# Mold on mount of Laelia alorii



## Bob in Albany N.Y. (Sep 9, 2017)

About 9 months ago bought a mounted Laelia alorii (who cares what the new name may be). Mist daily in the greenhouse. Today noticed it in bud and it also had quite a bit of mold on the tree mount (unknown what type of tree). Mold had to occur within the last month as I had examined it at that time. I took it down and scraped off the mold and rinsed with water. It was not on the plant but on the mount and a few roots. It is not mealy bugs. I'm 100 percent sure it is mold. How do people handle this situation? I do have phyton 27 if you think that may help. If I remember correctly that would be 1/4 tsp per quart of H2O. Any thoughts?


----------



## Kalyke (Sep 9, 2017)

well, it looks like they want lots of humidity and should never dry out, but that is leading to mold. Could you maybe train a fan on it to get more air movement? 

Mold is caused by mold spores. What is moldy and possibly sending out spores? 

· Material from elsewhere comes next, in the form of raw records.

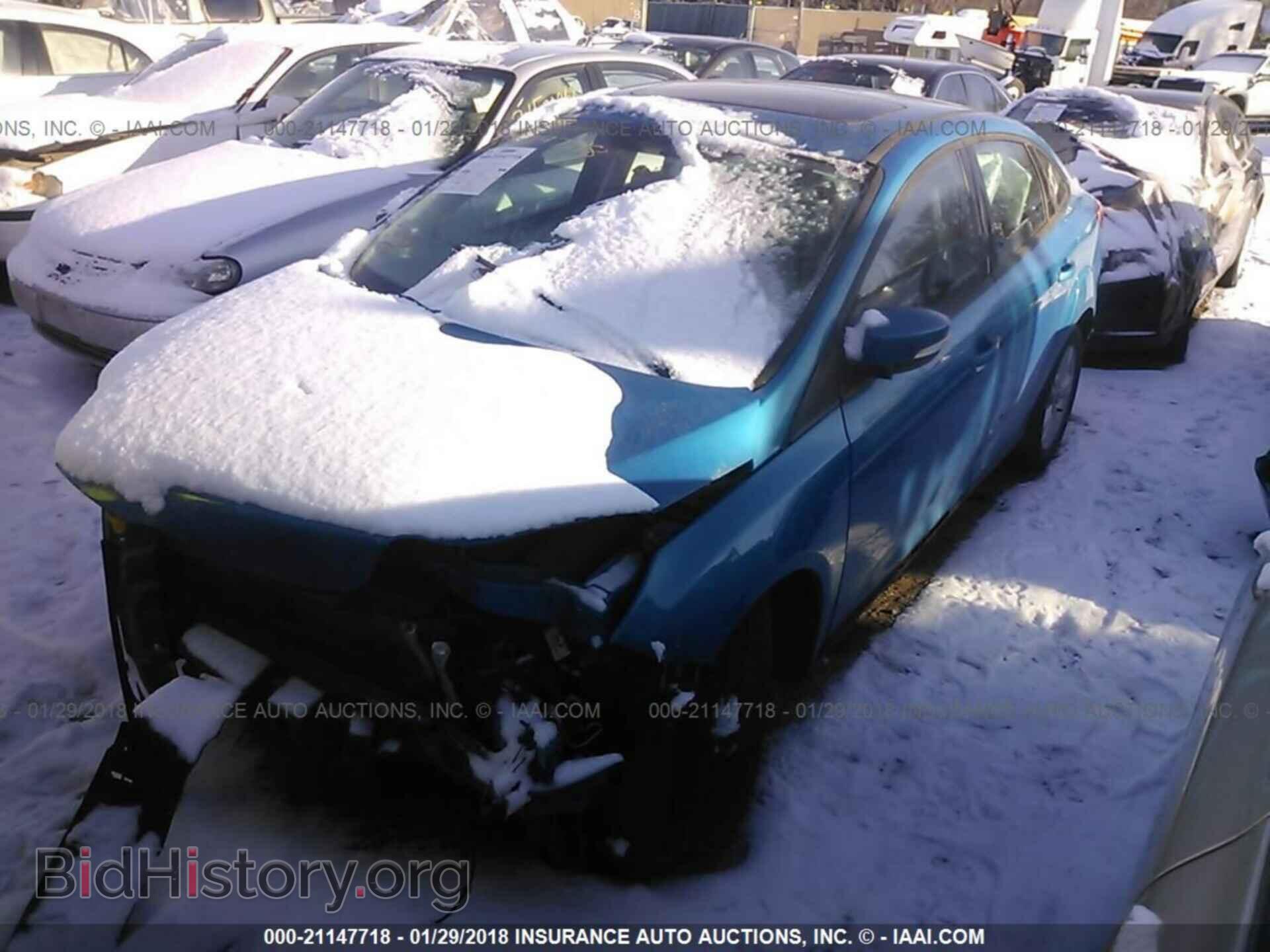 2013 Ford Focus - VIN: 1FADP3F2XDL313543 - Photo 2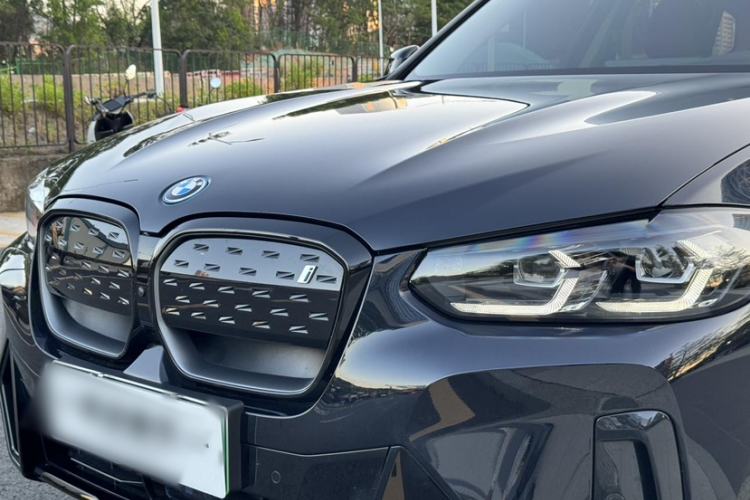 Used BMW iX3 2024 Leading Type Exterior 9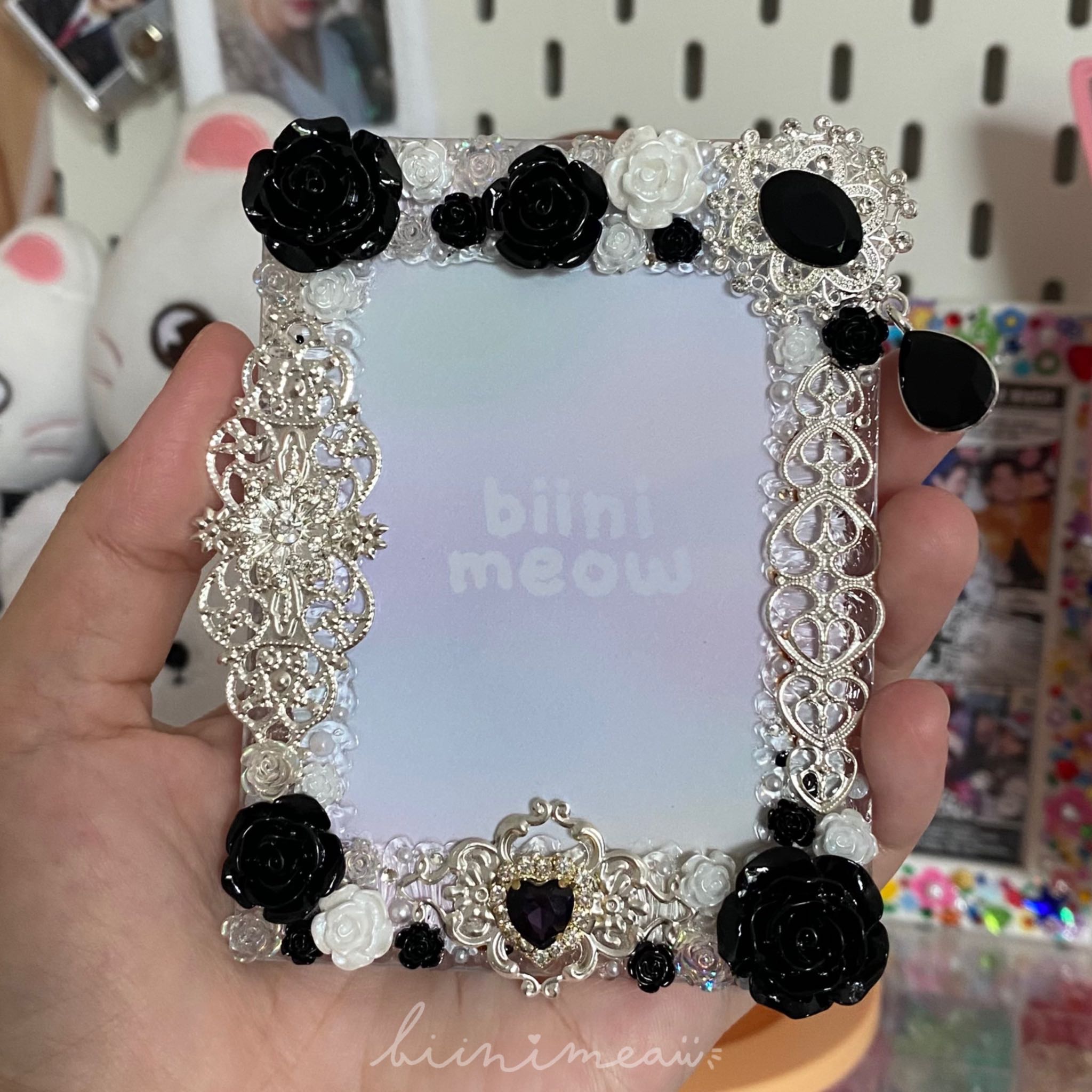 👑 เฟรมการ์ดราชนิกุล 🖤✨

Maybe you can put a few drops of a fungicide in the water? Is that the phyton?


----------



## Bob in Albany N.Y. (Sep 9, 2017)

I have other mounts, mostly cork with no problems. Mold only on this one. Already have 4 fans running 24/7 in the greenhouse.


----------



## NYEric (Sep 9, 2017)

Use a moldicide.


----------



## Ray (Sep 10, 2017)

Bob, make up some cinnamon tea, and mist it on.

Add two tablespoons of powder into a quart of water, and bring to a boil. Let cool, and filter the sediment out. Boom! Liquid topical fungicide.

I suspect, however, that the mount is infested, so removing and remounting may be the needed cure.


----------



## Stone (Sep 10, 2017)

Yes you should replace the mount for cork. These have very few roots, usually 2 or three from the bulb so you will need to carefully lift each root off the mount one by one with a thin bladed knife trying not to bruise or damage the root as you go. I've done this many times with many different orchids and it usually works well but the plant is always set back for a while. Let it dry between mistings.


----------



## Ozpaph (Sep 11, 2017)

dont suppose you have a photo?


----------



## Bob in Albany N.Y. (Sep 11, 2017)

Ray, I am trying the cinnamon in water. Mike, I'm sure the real solution is removing it from the mount, but will wait for the bud to bloom. However, mine has lots of roots all the way around the mount but will tackle it once I see some new growth. Sorry photos.


----------